→ **What you are asked to do**
Exactly as they appear, write the lines from the one containing "DreamBid. Zdjęcie 6." to the final line of the entries, leaving pictures out.

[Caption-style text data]
--- START ---
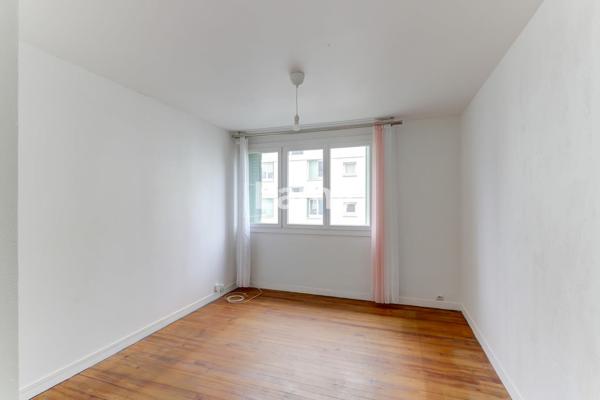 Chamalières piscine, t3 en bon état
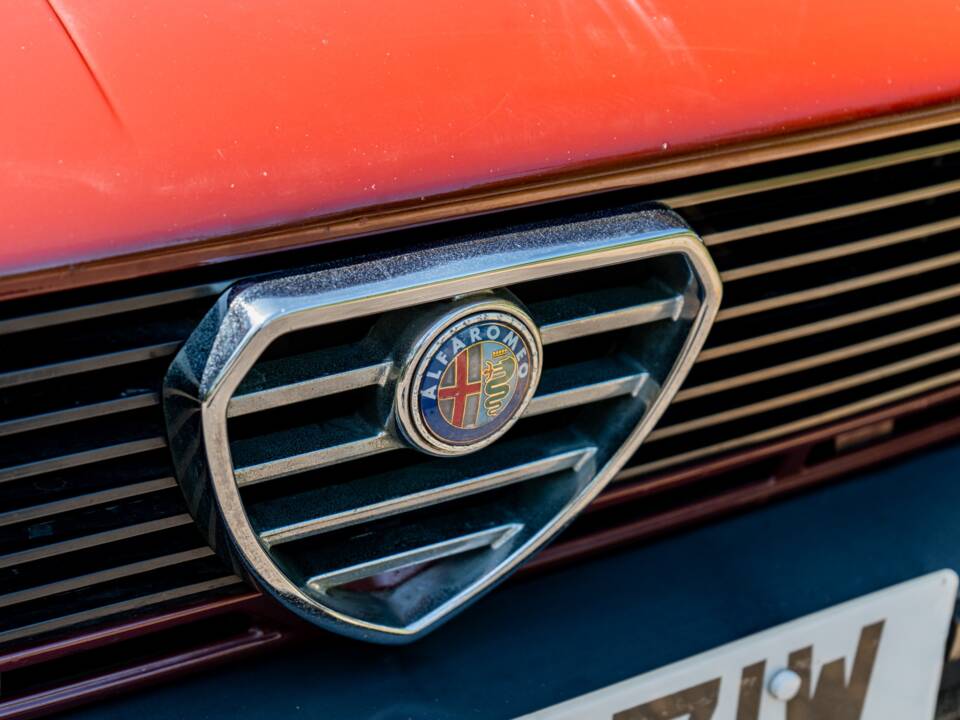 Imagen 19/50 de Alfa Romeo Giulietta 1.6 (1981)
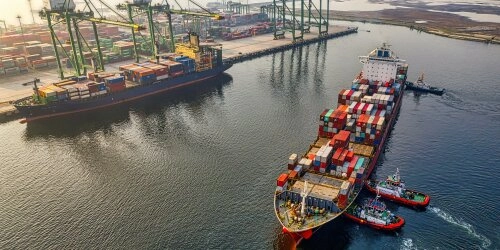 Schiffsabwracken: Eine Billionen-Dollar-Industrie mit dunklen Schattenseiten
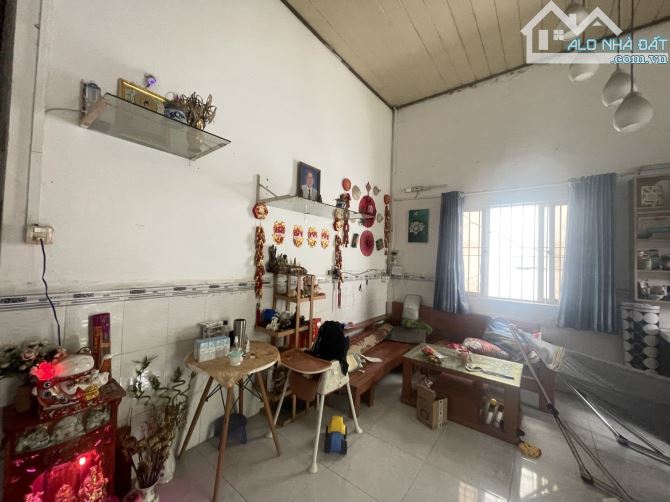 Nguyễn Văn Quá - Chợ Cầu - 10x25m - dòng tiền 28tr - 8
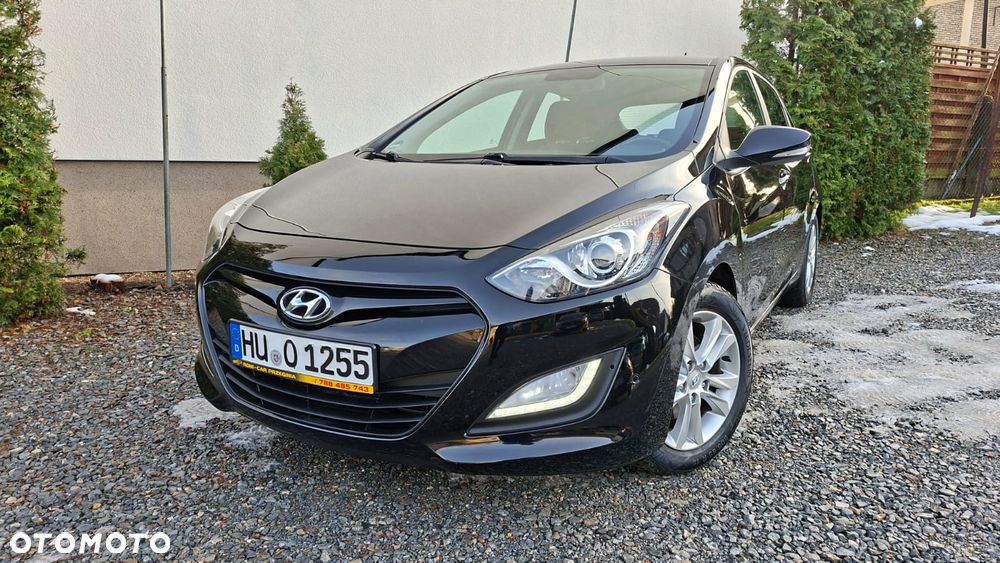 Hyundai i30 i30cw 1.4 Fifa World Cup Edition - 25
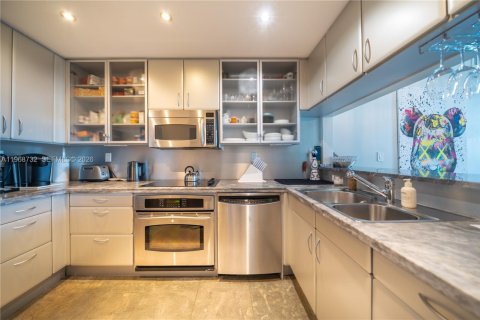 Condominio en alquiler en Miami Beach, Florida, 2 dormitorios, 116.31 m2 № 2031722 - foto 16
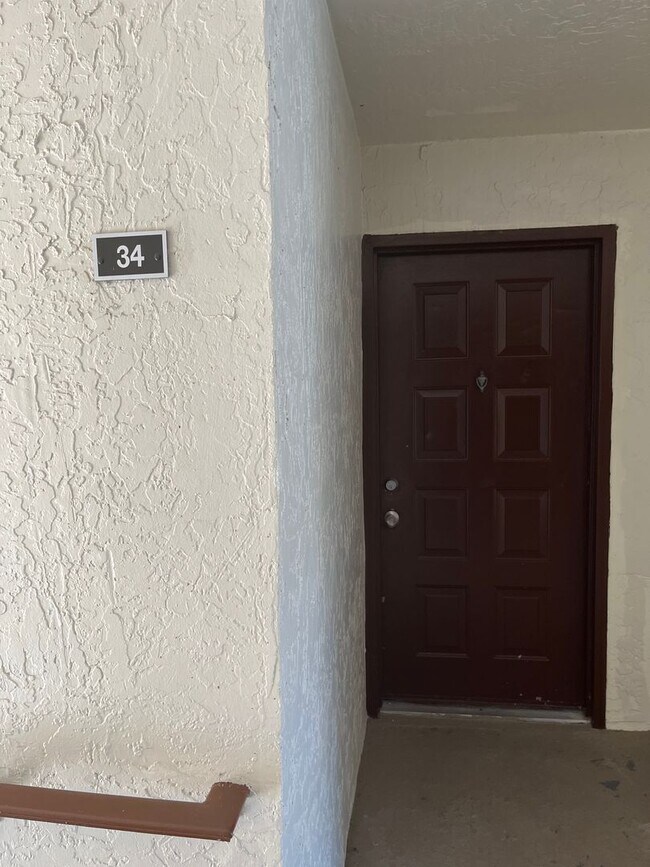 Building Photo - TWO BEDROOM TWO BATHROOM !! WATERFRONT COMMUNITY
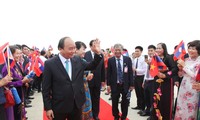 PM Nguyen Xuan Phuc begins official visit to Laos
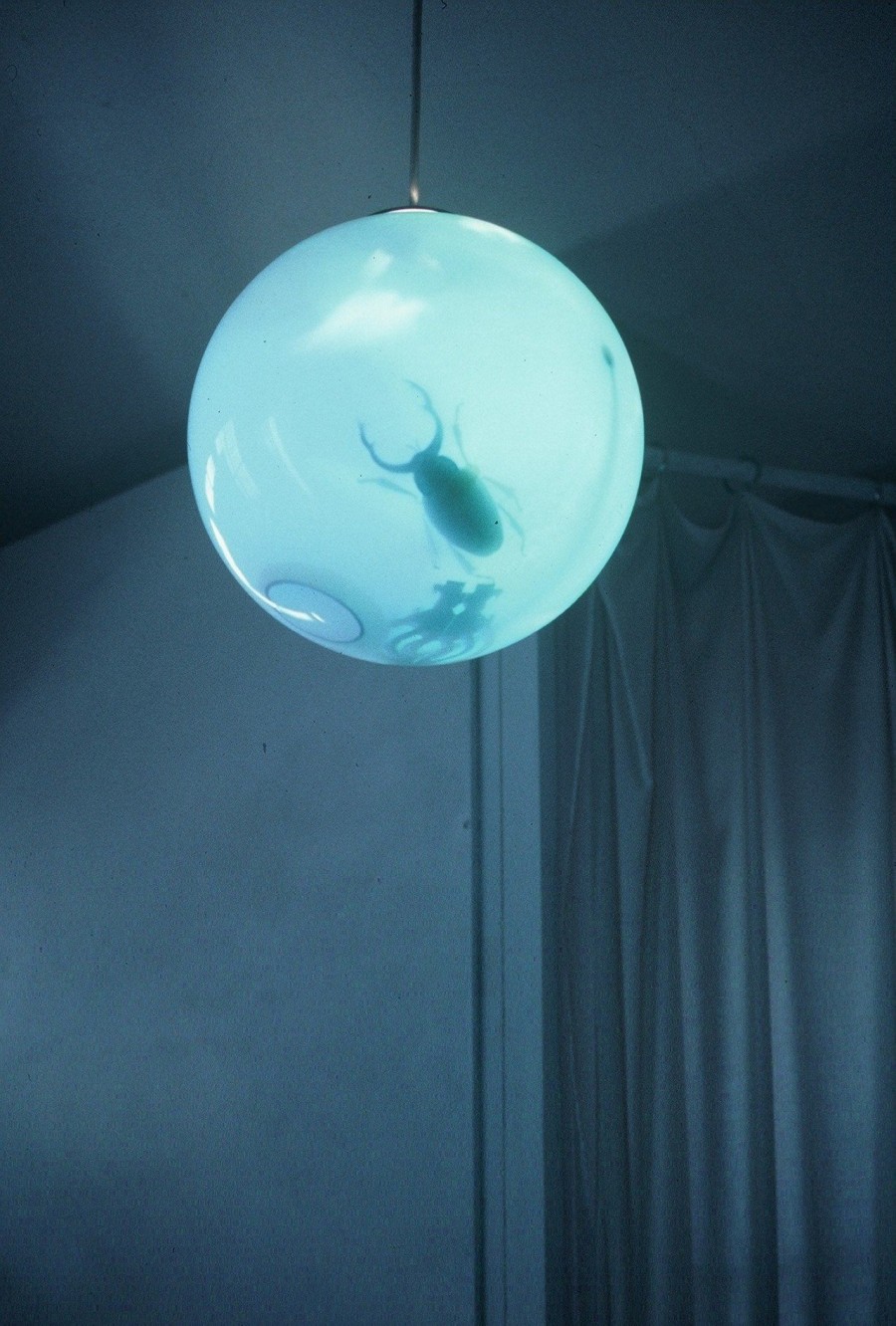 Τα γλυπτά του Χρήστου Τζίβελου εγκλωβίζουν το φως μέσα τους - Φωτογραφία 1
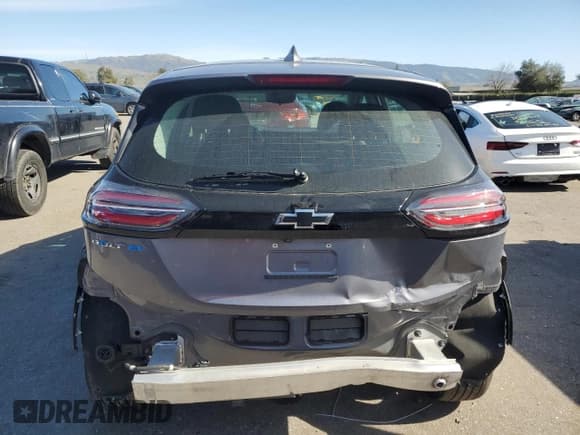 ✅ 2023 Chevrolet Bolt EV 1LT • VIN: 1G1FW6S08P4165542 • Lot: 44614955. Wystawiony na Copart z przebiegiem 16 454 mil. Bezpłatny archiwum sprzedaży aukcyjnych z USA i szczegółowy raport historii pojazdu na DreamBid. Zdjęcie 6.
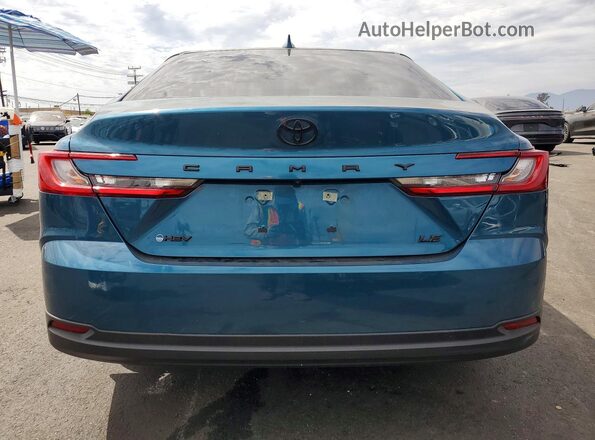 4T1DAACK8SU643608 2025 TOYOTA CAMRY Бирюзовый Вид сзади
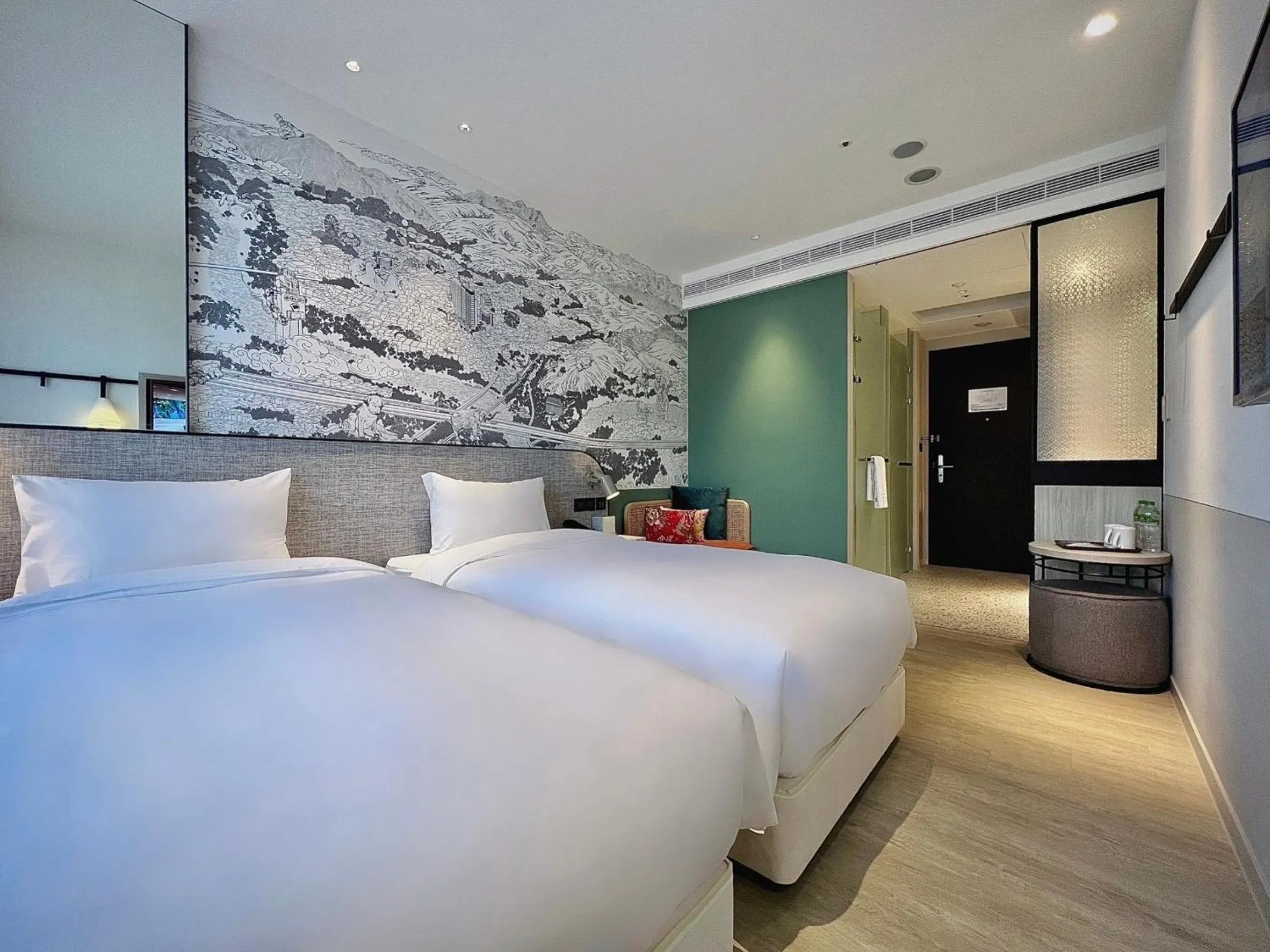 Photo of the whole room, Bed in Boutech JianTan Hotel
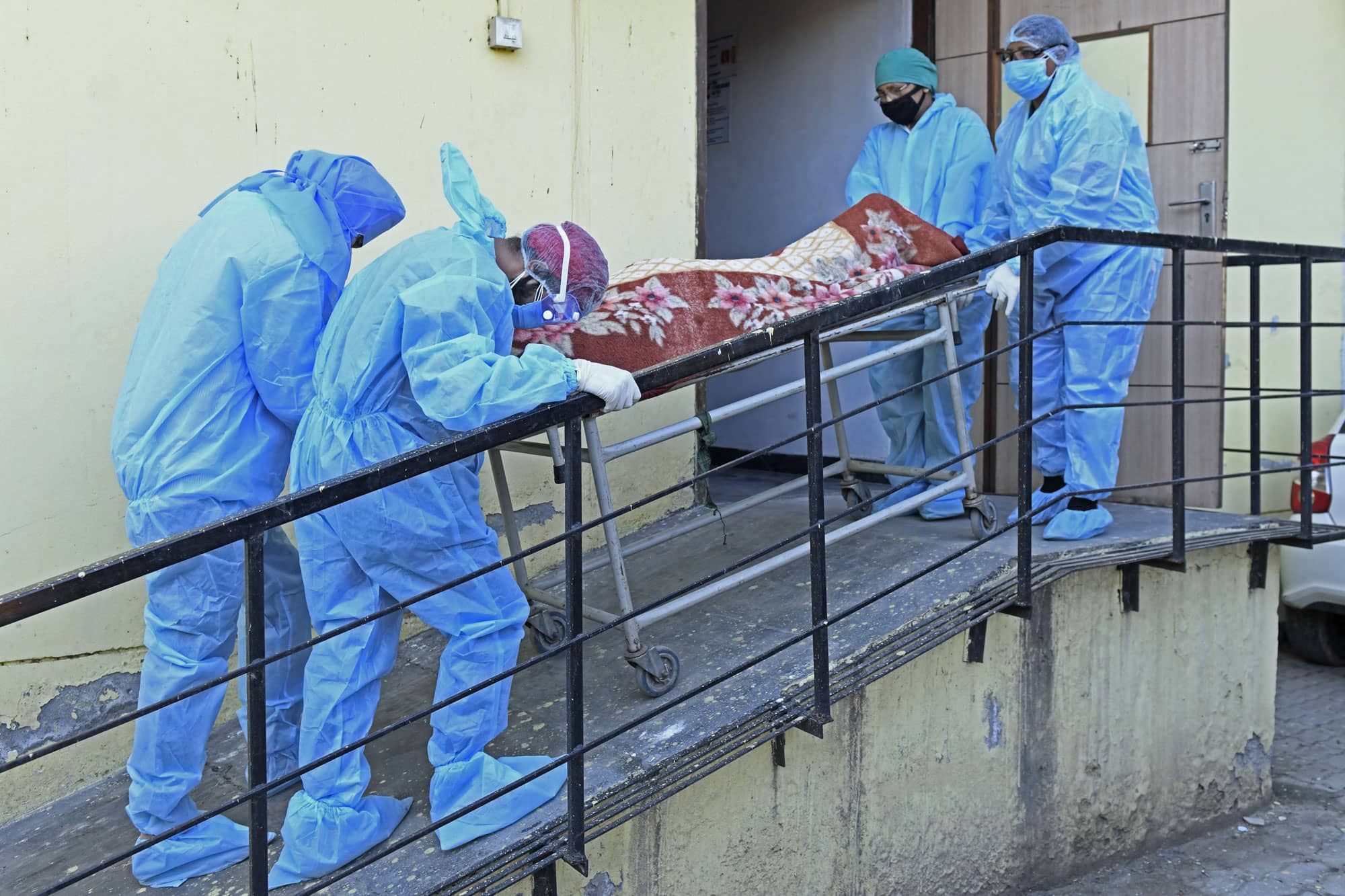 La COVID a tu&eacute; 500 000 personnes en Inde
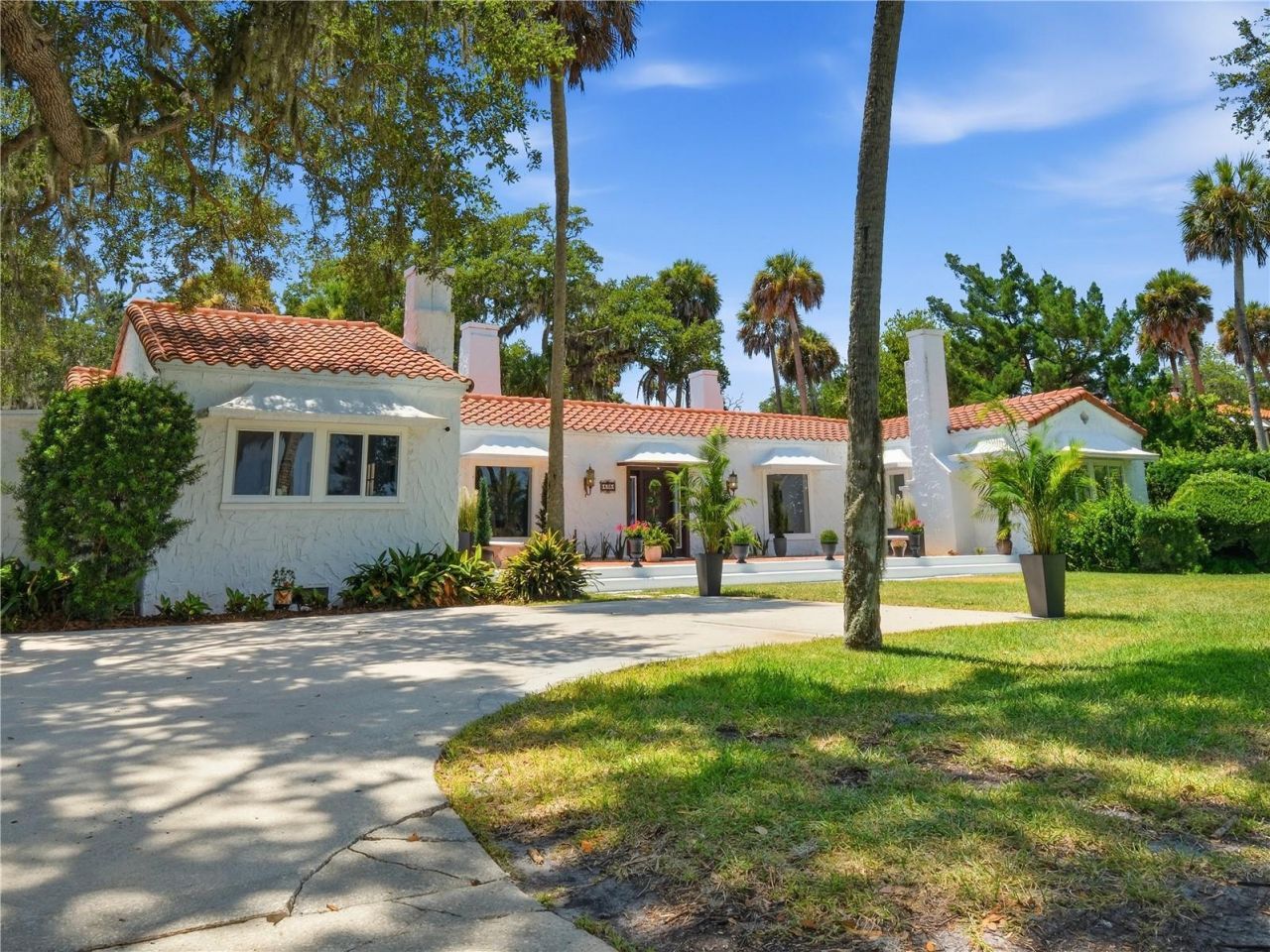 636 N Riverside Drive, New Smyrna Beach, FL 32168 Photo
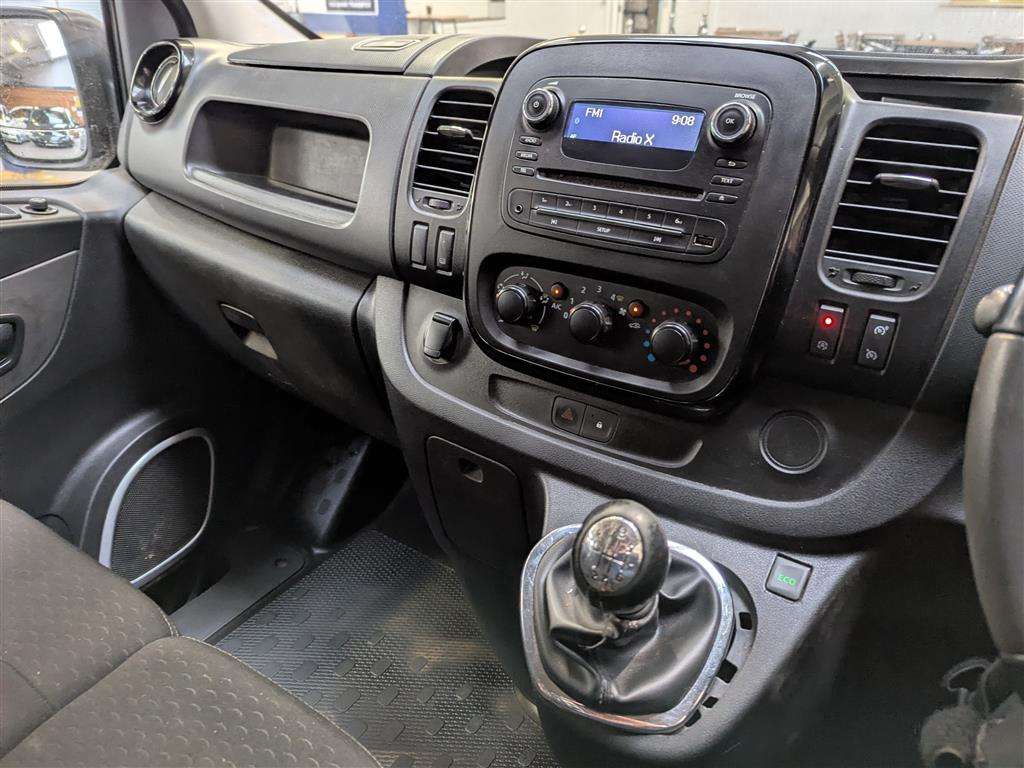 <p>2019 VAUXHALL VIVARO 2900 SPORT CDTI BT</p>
--- END ---
→ **Written solution**
 ✅ 2023 Chevrolet Bolt EV 1LT • VIN: 1G1FW6S08P4165542 • Lot: 44614955. Wystawiony na Copart z przebiegiem 16 454 mil. Bezpłatny archiwum sprzedaży aukcyjnych z USA i szczegółowy raport historii pojazdu na DreamBid. Zdjęcie 6.
 4T1DAACK8SU643608 2025 TOYOTA CAMRY Бирюзовый Вид сзади
 Photo of the whole room, Bed in Boutech JianTan Hotel
 La COVID a tu&eacute; 500 000 personnes en Inde
 636 N Riverside Drive, New Smyrna Beach, FL 32168 Photo
 <p>2019 VAUXHALL VIVARO 2900 SPORT CDTI BT</p>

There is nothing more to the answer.